Azubi auf Ebay dringend gesucht
Viele Firmen tun sich bei der Suche nach Lehrlingen schwer. Viele Schüler dagegen sind unsicher, wie sie sich ihre berufliche Zukunft vorstellen. Und sie stellen ganz andere Anforderungen an den Job als noch vor Jahren
Es herrscht Fachkräftemangel in Deutschland. Das spüren längst auch Unternehmen in Augsburg und der Region. Weil viele Abiturienten ein Studium anschließen, fehlen in manchen Ausbildungsberufen Bewerber auf die jeweiligen Stellen. Manche Unternehmen werben daher auf ungewöhnliche Weise für ihre Jobs. Sogar auf Ebay-Kleinanzeigen suchen sie nach Auszubildenden.
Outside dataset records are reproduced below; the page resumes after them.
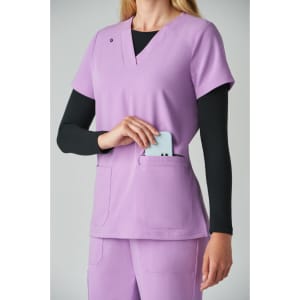 A lavender top featuring a V-neck design and pocket, worn over a long-sleeve black shirt. It has a branding logo.
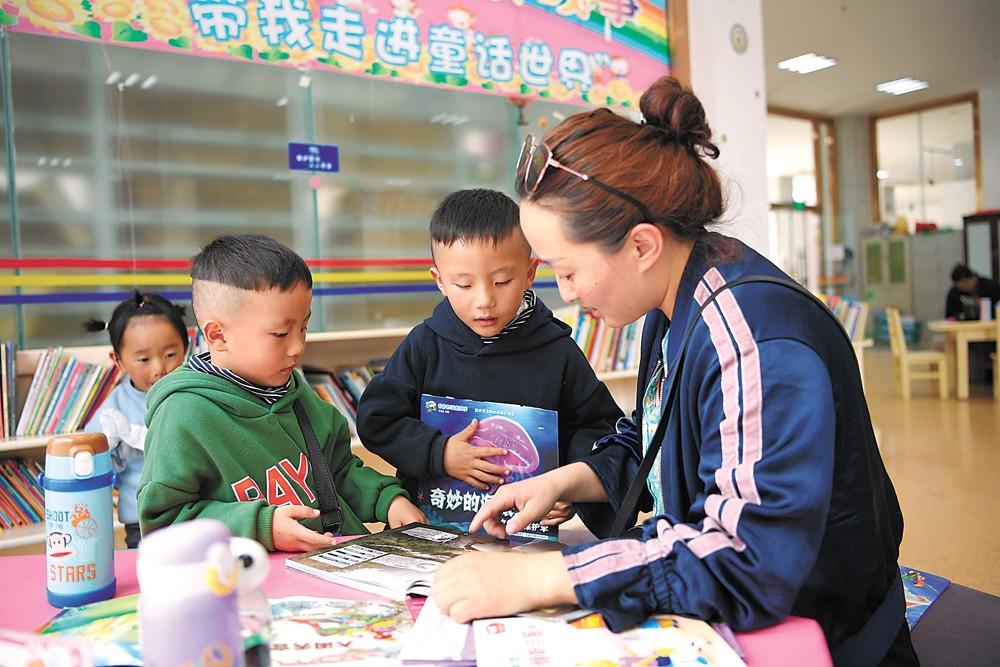 “五一”假期，一位家長(zhǎng)在圖書(shū)館親子閱讀區(qū)給孩子們講故事。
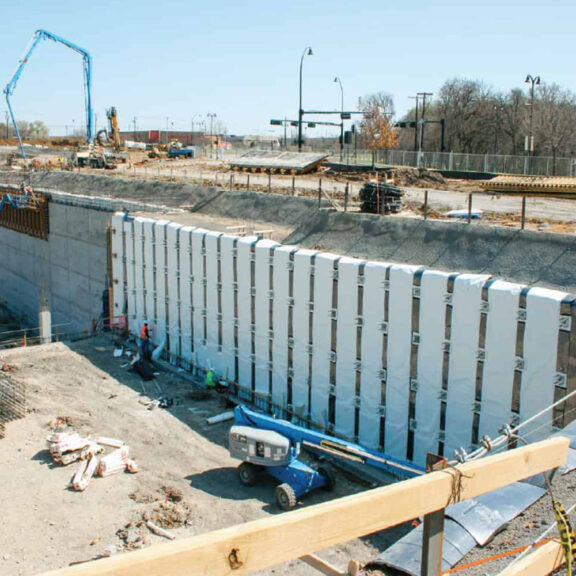 Vertical strip drain in retaining wall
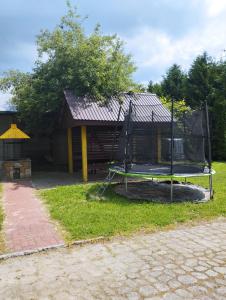 a batting cage in front of a house at Domki pod brzózkami in Bodzentyn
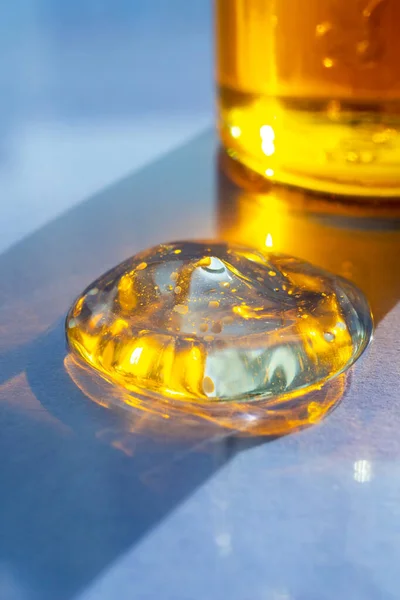 Liquid yellow gel or serum drop on blue background. Transparent macro texture of beauty product. Facial skincare cosmetic
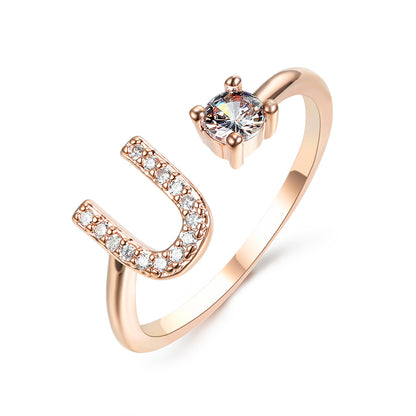 Ring, rose-gold adjustable open U-shape with pavé crystals along one arm and a solitaire stone.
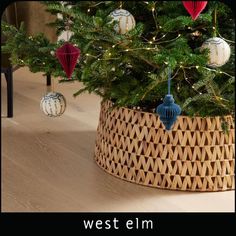 a christmas tree with ornaments hanging from it's branches in a basket on the floor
Die Industrie- und Handelskammer sowie die Handwerkskammer für Schwaben, werben für die Ausbildung als Alternative zum Studium, um den Fachkräftemangel in den Griff zu bekommen. Viele Akteure stellen dabei fest: Kein leichtes Unterfangen, denn immer mehr Schüler scheinen bei der Berufswahl zunehmend die Orientierung zu verlieren. Berufsfachmessen für Ausbildung und Studium, wie die Vocatium, wollen Absolventen deshalb bei ihrer Entscheidung unterstützen. Ein Rundgang zeigt, wo die Probleme der Schüler liegen.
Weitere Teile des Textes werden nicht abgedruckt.